• Task: Pictures excluded, output the lines of the data below between the one holding "108 North Locust" and the one holding "Alo 尺码36-45纯原版出品-Alo Runner", inclusive, exactly as they stand.

### Input data

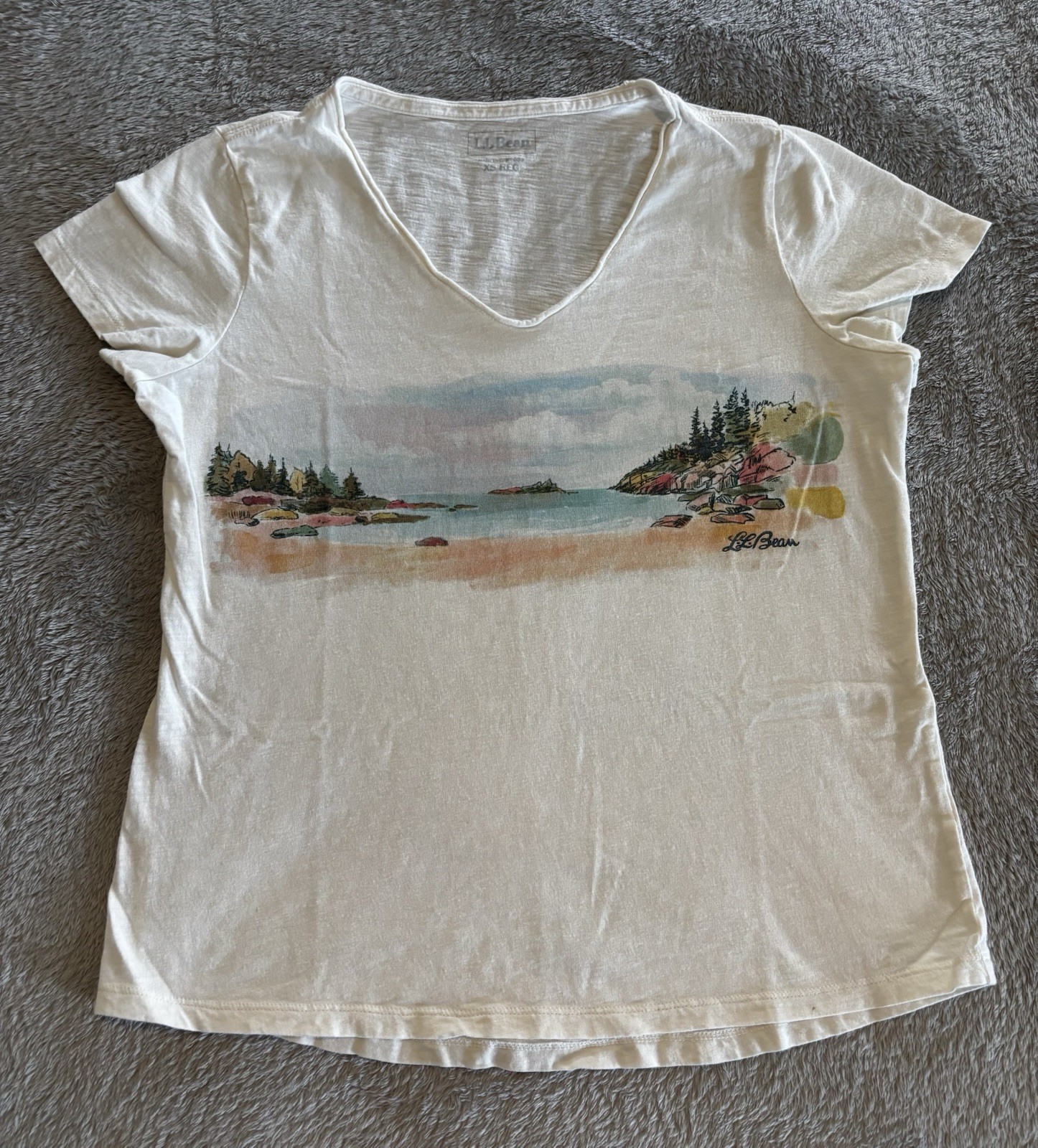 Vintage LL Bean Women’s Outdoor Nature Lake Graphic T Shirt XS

######
### Input data

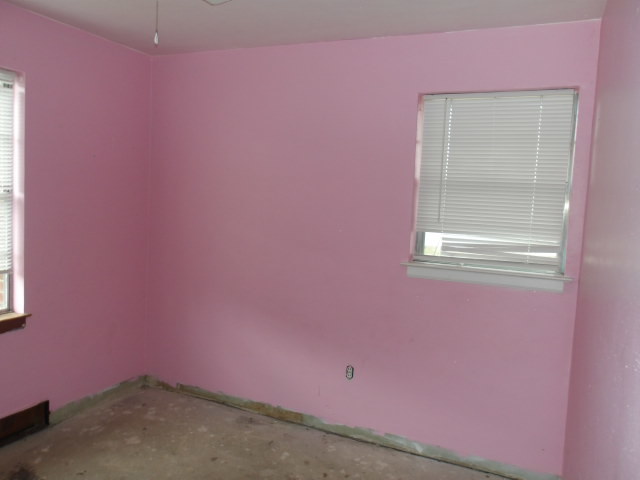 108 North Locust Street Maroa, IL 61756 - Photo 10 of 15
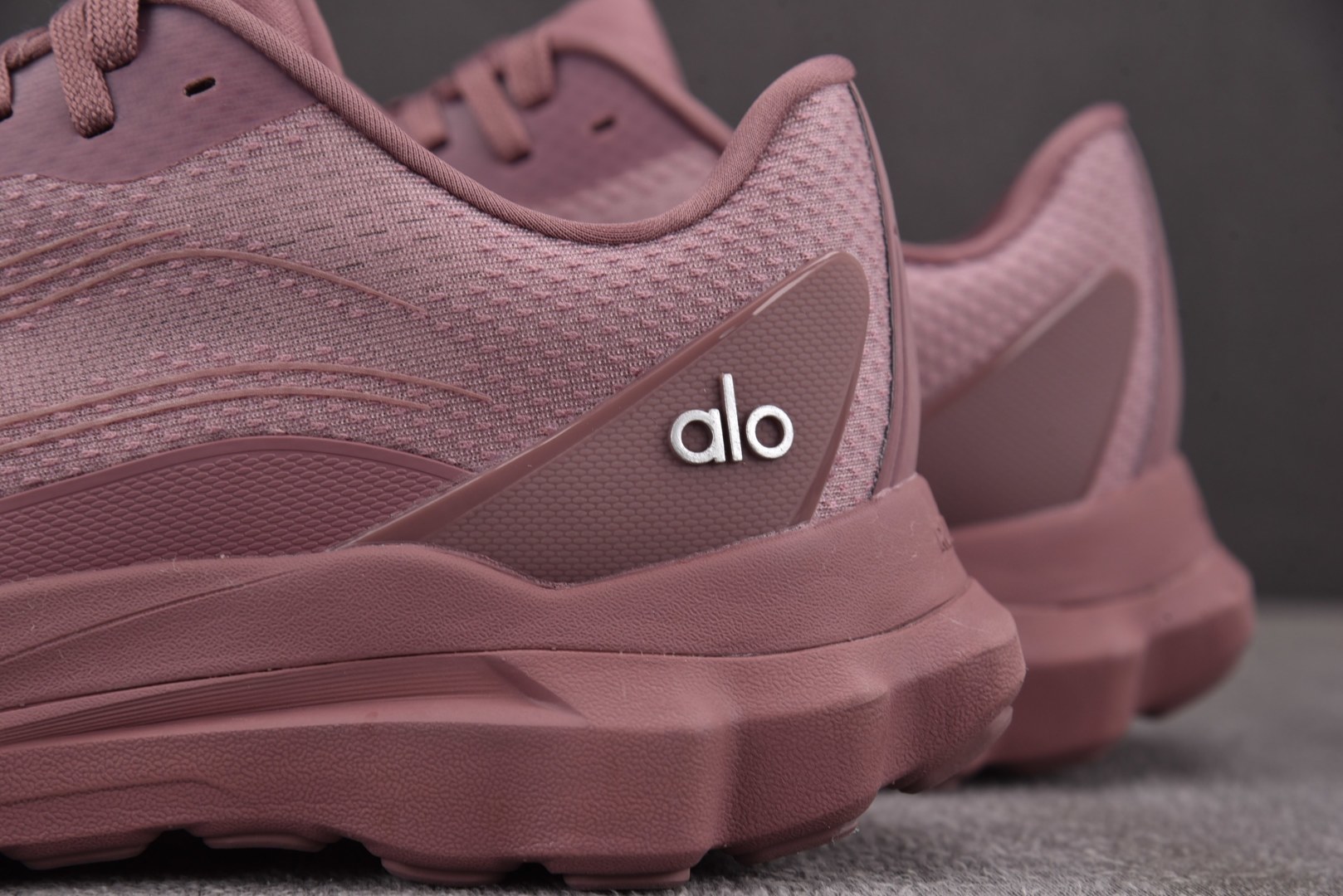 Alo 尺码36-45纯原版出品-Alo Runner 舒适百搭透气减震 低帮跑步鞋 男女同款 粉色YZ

######
### Input data

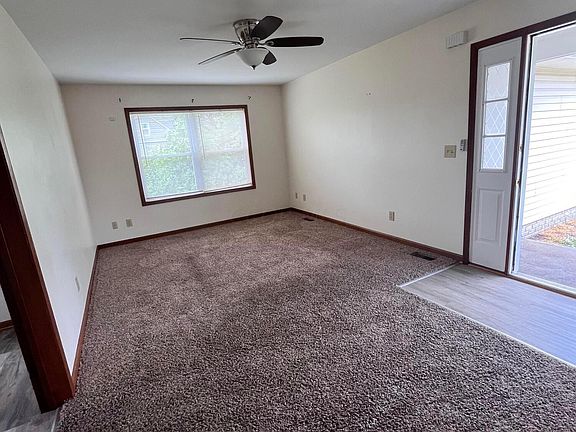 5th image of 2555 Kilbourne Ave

######

• Result of the task:
 108 North Locust Street Maroa, IL 61756 - Photo 10 of 15
 Alo 尺码36-45纯原版出品-Alo Runner 舒适百搭透气减震 低帮跑步鞋 男女同款 粉色YZ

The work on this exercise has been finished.